Wagstaff and the Wadsworth Atheneum then became instrumental in the advancement of Smith’s artistic career. In late 1966, Wagstaff organized the first solo exhibition by the artist with concurrent presentations in different cities—the Wadsworth Atheneum in Hartford and the Institute of Contemporary Art in Philadelphia—titled Tony Smith: Two Exhibitions of Sculpture. Following its close, the Wadsworth acquired Amaryllis (1965), one of the works included in the exhibition and the very first work by Smith to ever enter a museum collection. By fall of 1967, Smith was pictured with his sculpture Smoke (1967) on the cover of TIME magazine as part of an article about the zeitgeist of large-scale sculpture being presented at the time in both museums and in public space.
Against this rich historical context, and with matrix serving as an underlying concept for considering the field of contemporary art today, this program will engage curator, scholar, and TSF executive director James Voorhies in conversation with artists Tom Burr and Torkwase Dyson. Together, they will discuss what it means to make art and exhibitions, reflecting upon not only the interconnective nature among different bodies of work but also the sustaining power of networks themselves, which bring speculative, theoretical, or otherwise unrealized projects into the public realm.
Matrix: On the Art of Tom Burr, Torkwase Dyson, and Tony Smith will inaugurate a new series of nomadic programs called “In Dialogue,” presented by the Tony Smith Foundation, which is committed to placing the legacy of the artist in context and in conversation with the contemporary arts. Matrix is co-organized with Patricia Hickson, Emily Hall Tremaine Curator of Contemporary Art, Wadsworth Atheneum Museum of Art.
For almost three decades, Tom Burr’s sculpture, writing, collage, and photography have focused on access, site-specificity, the confluence of public and private environments, as well as the constructed persona. Appropriating the formal vocabulary of minimalism, Burr charges these seemingly neutral shapes and materials with innumerable connotations and references often associated with the emancipation of subcultures or details from his own biography.

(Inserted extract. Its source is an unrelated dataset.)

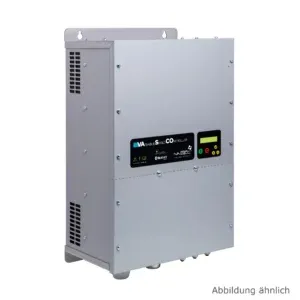 nastec Inverter di Frequenza VASCO V4268 132 kW - Product Image 1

Torkwase Dyson describes herself as a painter working across multiple mediums to explore the continuity between ecology, infrastructure, and architecture. Examining environmental racism as well as the history and future of black spatial liberation strategies, Dyson’s abstract works grapple with the ways in which space is perceived and negotiated, particularly by black and brown bodies.